▶ **Data shown**
= = =
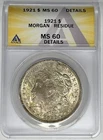 1921 Morgan Silver Dollar Toned ANACS MS 60 Details Residue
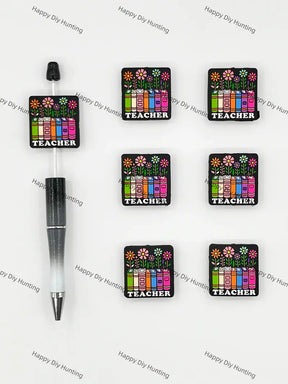 Handmade Beadable Pen with Teacher Theme Silicone Beads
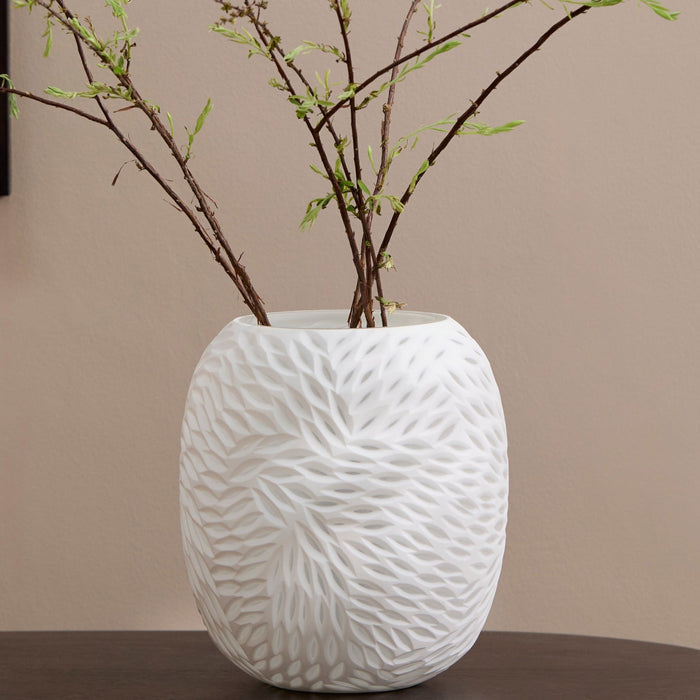 Vetralla 20cm Glass Vase - White - Laura James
= = =
▶ **Task statement**
With the pictures removed, set down the entire listing exactly.

▶ **Written response**
 1921 Morgan Silver Dollar Toned ANACS MS 60 Details Residue
 Handmade Beadable Pen with Teacher Theme Silicone Beads
 Vetralla 20cm Glass Vase - White - Laura James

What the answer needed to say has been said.